– «Al liceo portavo l’eskimo. Tutto avrei pensato, ma non di lavorare nella moda». , amministratore delegato della maison Valentino, ieri ha raccontato la sua carriera agli studenti di quinta, nell’incontro “Dal Ferraris a… i vertici della moda mondiale” organizzato dall’associazione Alumni liceo Ferraris. Sassi, nato a Varese nel 1960, frequentò il liceo scientifico negli anni della contestazione. Non a caso indossava l’eskimo, simbolo delle rivolte studentesche. «All’università avrei voluto studiare filosofia – ha spiegato Sassi – Fu la mia famiglia a spingermi verso qualcosa di più concreto e quindi mi iscrissi alla Bocconi, in un corso di macroeconomia frequentato da 120 studenti». Quelli furono anni di duro studio, trascorsi – usando le parole di Sassi – «con serietà, impegno, ma scarsa convinzione». «Studiavo perché sono sempre stato determinato e responsabile, ma sentivo che non c’ero fino in fondo».

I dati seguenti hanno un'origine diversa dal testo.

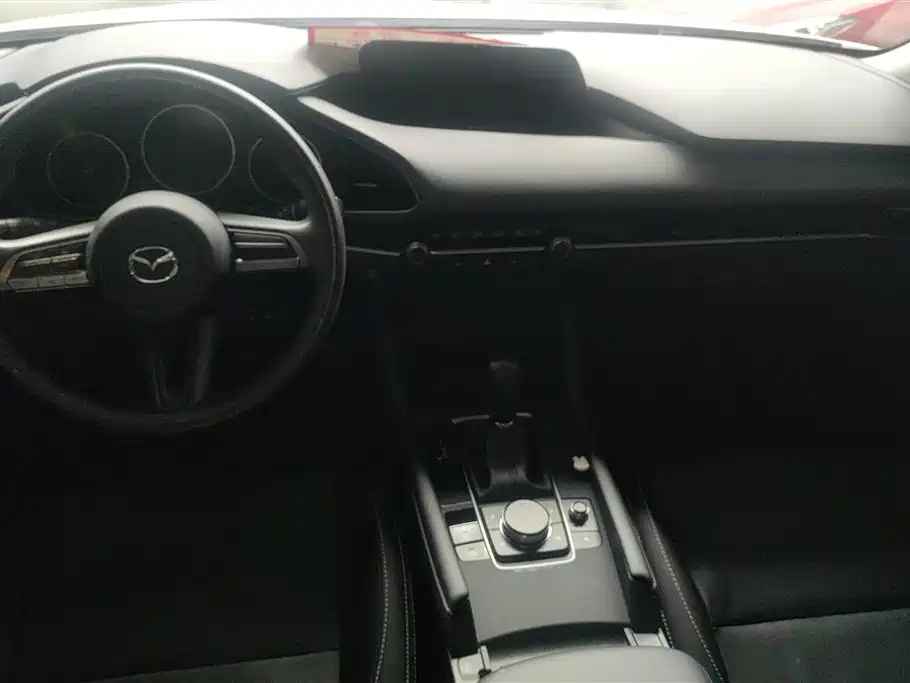 Mazda 3 Axela 2021 — фото 12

Sassi, infatti, sentiva «il bisogno di entrare a capofitto nelle cose», «di trovare un ambito dove poter gestire un progetto, riversandovi tutte le energie». Da qui il lavoro in un’azienda informatica e poi ancora l’ingresso in università, questa volta per un master. «Grazie a quel master abbi l’occasione di lavorare in una società di consulenza importante dove imparai a capire come funzionano le grandi aziende». La proposta di prendere in mano la maison Valentino è
arrivata nel 2006, a 45 anni di età. «Mi dicevano tutti se ero matto a lanciarmi in quella avventura, che costituiva un rischio pazzesco – ha raccontato Sassi – Si trattava di rimodernare il marchio, ma coerentemente con il passato, tenendo il mondo di Valentino come riferimento». Adesso, Sassi può dire che l’impresa è riuscita: «Quando ho preso in mano il marchio Valentino aveva un fatturato di 230 milioni di euro. Oggi, di un miliardo. In pratica, l’abbiamo quadruplicato». Come è stato possibile arrivare a tanto? Secondo Sassi la ricetta è «scegliere gli ambienti giusti»: «Stare sempre al limite delle proprie capacità, stimolandosi continuamente a migliorare, come in una piscina dove o nuoti o affoghi». Fino a una confessione: «I primi anni due anni in cui ho lavorato come consulente ero convinto che ogni giorno sarebbe stato quello in cui mi avrebbero licenziato. Questa continua corsa con me stesso mi ha permesso di crescere». Un altro fattore che è stato determinante per Sassi è stata la sicurezza in se stesso: «A 18 anni non mi aspettavo che avrei maturato questa sicurezza, ma ho sempre avuto un carattere determinato e tanta voglia di fare. In più, sono sempre stato molto responsabile».
Tornare nelle aule del suo liceo, per Sassi, significa fare un vero e proprio viaggio nel tempo. Catapultarsi dalla vita di tutti i giorni, «dove sono in vetrina e tutti aspettano di vedere se ce la fai o ti schianti», a quel liceo di provincia da cui il suo futuro ha preso il volo. Adesso Sassi gira il mondo. Da Dubai al Giappone porta con orgoglio il made in Italy: «Io credo che bisogna sempre mettersi alla prova, ma con serenità. Nella mia vita ho visto molte persone più intelligenti e preparate di me, ma non ho mai pensato di non poter diventare come loro. Non sono uno yuppie. Sono competitivo, ma per contenuti seri». Un ragazzo ha alzato la mano e ha chiesto a Sassi se la filosofia che tanto amava avesse avuto un ruolo nella sua carriera. La risposta: «Certo, la moda è arte applicata». Come dire che tutto torna. Forse anche quell’eskimo indossato sognando di cambiare il mondo.